**Source material:**

>>>>

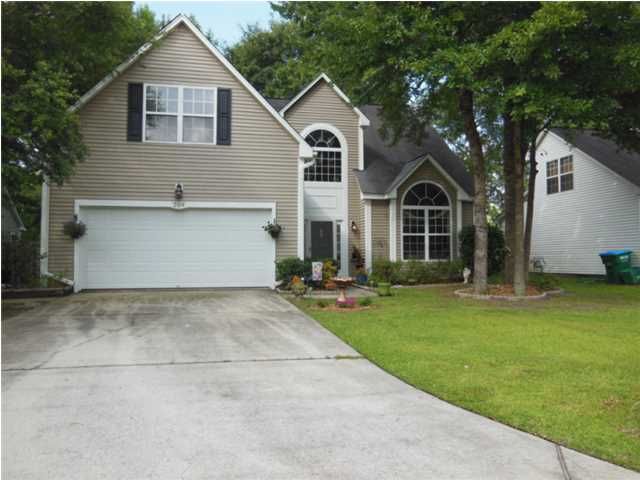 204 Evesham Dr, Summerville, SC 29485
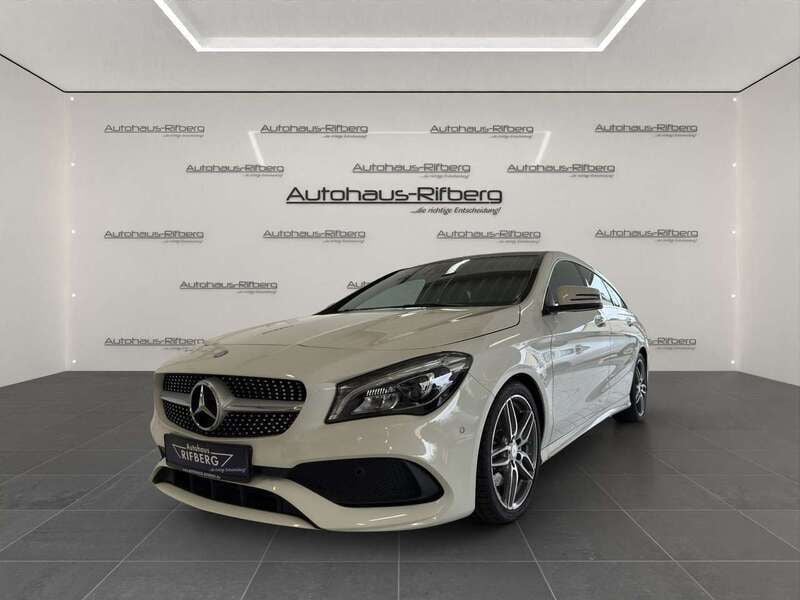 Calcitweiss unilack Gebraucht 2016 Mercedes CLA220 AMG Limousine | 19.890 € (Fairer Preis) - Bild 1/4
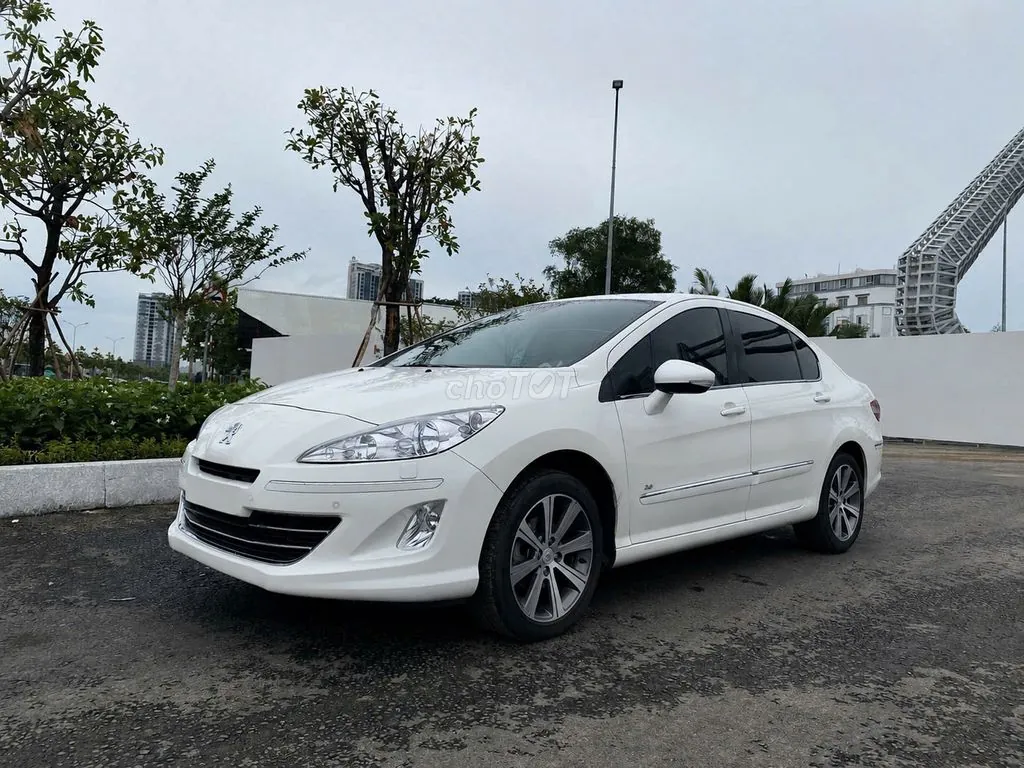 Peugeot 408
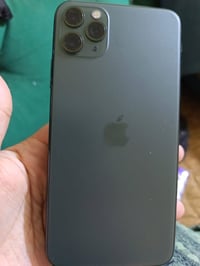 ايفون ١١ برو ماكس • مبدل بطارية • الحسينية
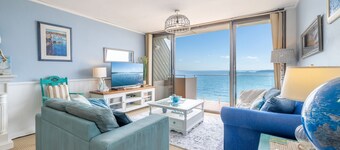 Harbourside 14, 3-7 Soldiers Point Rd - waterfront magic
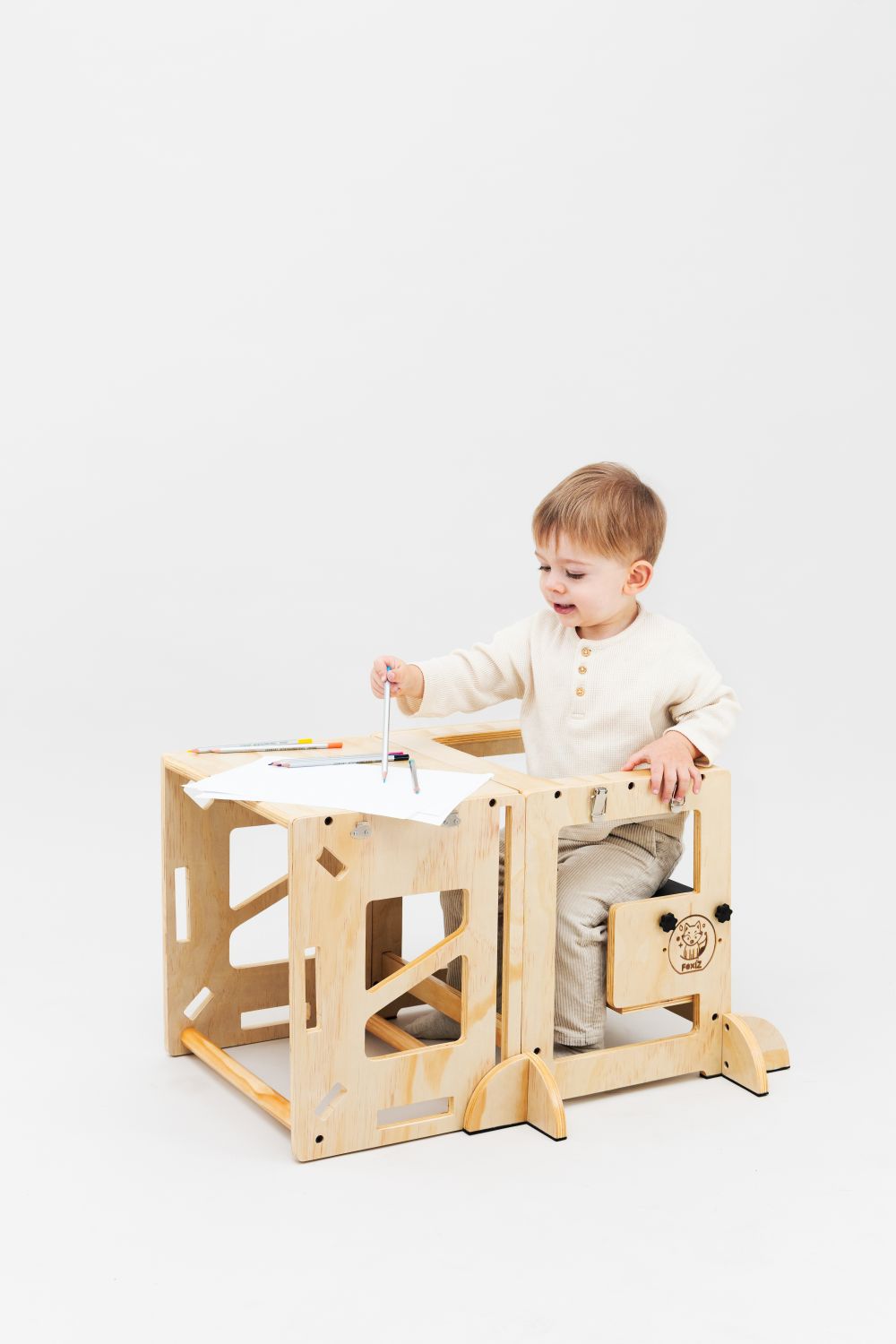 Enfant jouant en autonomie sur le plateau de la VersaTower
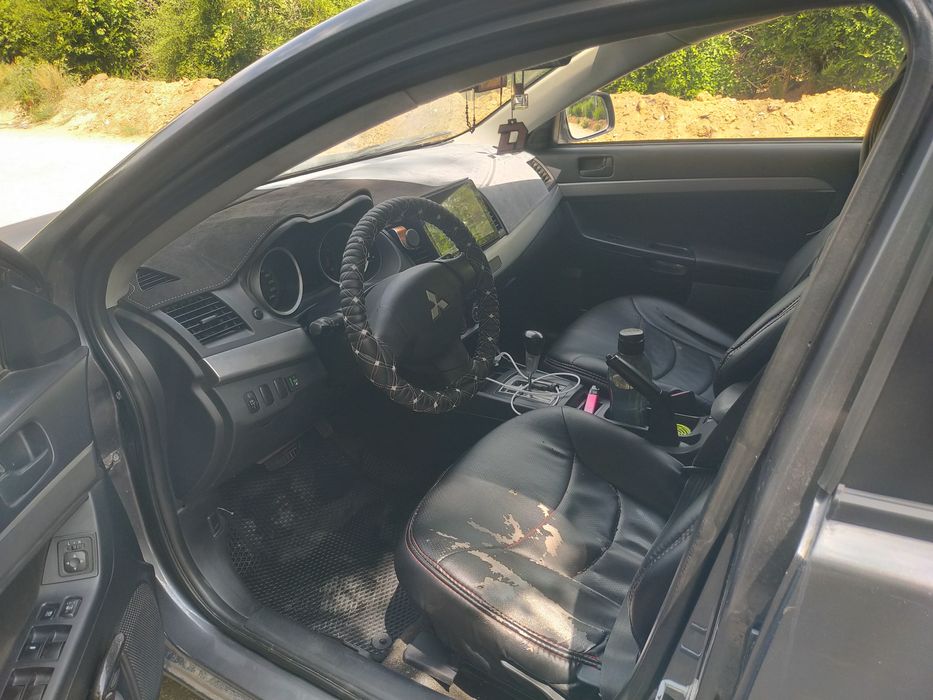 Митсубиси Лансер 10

<<<<
>>>>

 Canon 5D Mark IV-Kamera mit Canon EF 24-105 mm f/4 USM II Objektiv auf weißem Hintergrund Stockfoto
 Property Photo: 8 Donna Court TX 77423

<<<<

**Instructions for the task:** Given the entries above, transcribe exactly the lines from the one holding "204 Evesham Dr, Summerville, SC 29485" through the one holding "Митсубиси Лансер 10"; pictures do not belong in the transcription.

**Expected output:**
 204 Evesham Dr, Summerville, SC 29485
 Calcitweiss unilack Gebraucht 2016 Mercedes CLA220 AMG Limousine | 19.890 € (Fairer Preis) - Bild 1/4
 Peugeot 408
 ايفون ١١ برو ماكس • مبدل بطارية • الحسينية
 Harbourside 14, 3-7 Soldiers Point Rd - waterfront magic
 Enfant jouant en autonomie sur le plateau de la VersaTower
 Митсубиси Лансер 10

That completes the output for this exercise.